Théories sur le personnage

Dans sa pensée, n'oublions pas que le sage reste en retrait, comme debout dans la pénombre. En suivant cette logique, on serait en droit d'estimer que, il aurait pu changer de nom à plusieurs reprises, dans l'objectif délibéré de jeter une confusion permanente sur son existence. Selon l'endroit où il se trouvait, il pouvait y être connu sous un ou plusieurs noms différents. Ce qui, actuellement, évidemment, met un voile d'obscurité sur l'historicité du personnage, les sources citant diversesappellations pour, certainement sans le savoir, la même personne. L'usage de plusieurs noms pour une même personne, en Chine, étant à l'époque une pratique généralisée et même respectant les traditions. Il y a le nom à l'apparition, le prénom social, le «Hao», l'interdiction d'appeler un aîné par son prénom à l'apparition. L'introduction de particule devant le nom, par exemple, si quelqu'un semble être plus âgé que quarante ans, on doit placer «Lao» soit devant le nom de famille, soit devant le prénom social ou encore le «Hao». En admettant que le prénom social de Lao Tseu soit Dan, et qu'il semblait à l'époque avoir plus de quarante ans, on devrait par conséquent dire «Lao Dan», et il pourrait s'agir du même personnage dont le nom personnel, qui à cause de son âge devenu tabou, soit effectivement Li Er, et les noms «Laolaizi» et «Lao Zi» (possiblement un diminutif de Laolaizi) aurait pu être le nom que lui affublaient ses disciples directs. Comme prononcer le nom personnel d'un aîné était tabou, on peut convenir ignorer comment le nom Li Er est venu aux «oreilles» de Sima Qian.

Le paradoxe de Lao Tseu

En effet, soit réel ou fictif, le personnage Lao Tseu a réellement existé, même s'il n'a pas existé réellement sous nom ou sous un nom d'emprunt comme c'était d'usage à l'époque. Puisque c'est certainement un nom en lien avec un personnage de légende, ayant eu cours au temps de Printemps et Automnes que le personnage ayant inspiré le pseudonyme a existé ou non, n'a que peu d'importance.

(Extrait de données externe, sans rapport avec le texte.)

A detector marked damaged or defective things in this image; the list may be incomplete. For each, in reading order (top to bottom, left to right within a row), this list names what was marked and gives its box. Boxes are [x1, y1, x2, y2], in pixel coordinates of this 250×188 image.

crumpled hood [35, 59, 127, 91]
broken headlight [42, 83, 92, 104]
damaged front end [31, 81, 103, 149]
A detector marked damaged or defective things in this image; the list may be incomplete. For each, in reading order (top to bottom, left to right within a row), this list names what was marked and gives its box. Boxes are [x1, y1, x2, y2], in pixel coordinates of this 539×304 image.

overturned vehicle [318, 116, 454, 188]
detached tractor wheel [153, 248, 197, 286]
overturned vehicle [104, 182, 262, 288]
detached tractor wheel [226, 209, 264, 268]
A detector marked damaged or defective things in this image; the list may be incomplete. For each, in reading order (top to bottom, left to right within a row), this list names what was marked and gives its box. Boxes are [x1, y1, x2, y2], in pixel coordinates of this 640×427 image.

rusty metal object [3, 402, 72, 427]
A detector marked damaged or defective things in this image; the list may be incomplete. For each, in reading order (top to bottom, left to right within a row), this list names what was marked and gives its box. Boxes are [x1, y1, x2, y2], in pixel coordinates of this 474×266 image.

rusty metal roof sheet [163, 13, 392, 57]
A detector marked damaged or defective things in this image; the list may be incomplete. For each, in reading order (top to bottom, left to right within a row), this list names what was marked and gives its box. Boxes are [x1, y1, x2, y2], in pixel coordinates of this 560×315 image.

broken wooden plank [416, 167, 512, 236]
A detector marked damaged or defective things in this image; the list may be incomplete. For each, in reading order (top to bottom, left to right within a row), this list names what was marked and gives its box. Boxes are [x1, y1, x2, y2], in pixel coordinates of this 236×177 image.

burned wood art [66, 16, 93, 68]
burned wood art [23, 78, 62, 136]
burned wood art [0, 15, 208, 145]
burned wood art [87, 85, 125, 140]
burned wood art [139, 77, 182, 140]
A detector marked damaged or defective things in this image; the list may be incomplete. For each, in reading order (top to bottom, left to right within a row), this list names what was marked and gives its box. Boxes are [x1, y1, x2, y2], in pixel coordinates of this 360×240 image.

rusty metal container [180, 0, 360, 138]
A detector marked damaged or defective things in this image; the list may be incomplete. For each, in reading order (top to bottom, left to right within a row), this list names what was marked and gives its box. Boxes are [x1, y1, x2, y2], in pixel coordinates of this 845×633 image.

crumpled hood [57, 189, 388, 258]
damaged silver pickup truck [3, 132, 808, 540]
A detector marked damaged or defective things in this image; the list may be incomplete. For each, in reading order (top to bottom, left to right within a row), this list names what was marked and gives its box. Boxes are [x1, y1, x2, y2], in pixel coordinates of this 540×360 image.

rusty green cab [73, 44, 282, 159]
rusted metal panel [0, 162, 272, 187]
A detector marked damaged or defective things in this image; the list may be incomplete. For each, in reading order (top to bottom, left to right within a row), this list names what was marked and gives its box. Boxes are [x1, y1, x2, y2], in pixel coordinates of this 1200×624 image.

En effet, si le personnage n'a pas existé, mais que l'œuvre qui lui est attribuée existe bien, alors on se retrouve en plein paradoxe. Premièrement, il est envisageable qu'il ait écrit l'œuvre lui-même (Lao Tseu). Deuxièment, il est envisageable que le Daodejing ait été écrit à titre posthume par un disciple direct. Troisièmement, l'auteur voulant valoriser son œuvre décide de prendre un pseudonyme en lien avec un personnage dont la sagesse faisait autorité. Dans cette troisième alternative, on est renvoyé à la notion même de paradoxe. Puisque, l'auteur (anonyme) a pris le pseudonyme du sage reclus, et ce même s'il n'a pas vécu, ayant pris son nom, il devient par conséquent faux de dire qu'il n'a pas vécu. Quatrièmement, il est envisageable qu'il ait écrit l'œuvre lui-même et que, dans une époque où les auteurs ne signaient pas leurs œuvres de leurs propres noms, il l'aie fait dans l'objectif de jeter un doute dans l'esprit des générations futures. Cette quatrième hypothèse, nous ramène toujours à la notion de paradoxe. Dans la mesure où, il signe son propre nom, dans l'objectif qu'on anticipe qu'il n'est pas l'auteur, quoiqu'il soit l'auteur. Enfin, dans le Daodejing, le concept de paradoxe revient souvent, alors on ne doit pas se surprendre de nager en plein paradoxe.

Signification du nom

Le sens du nom Lao est débattu : l'interprétation littérale de «vieux» ou «ancien», évoquant la sagesse, est tentante. Certains prennent le suffixe zi au sens littéral d'«enfant» et en font «le vieil enfant», appellation mystique ou symbolique, d'autres estiment que ce surnom lui vient du fait qu'il serait né avec des cheveux blancs ou que sa mère l'aurait eu sur le tard. D'autres toujours estiment qu'il s'agit tout simplement de son nom de famille, l'existence de familles Lao à l'époque des Royaumes combattants étant attestée.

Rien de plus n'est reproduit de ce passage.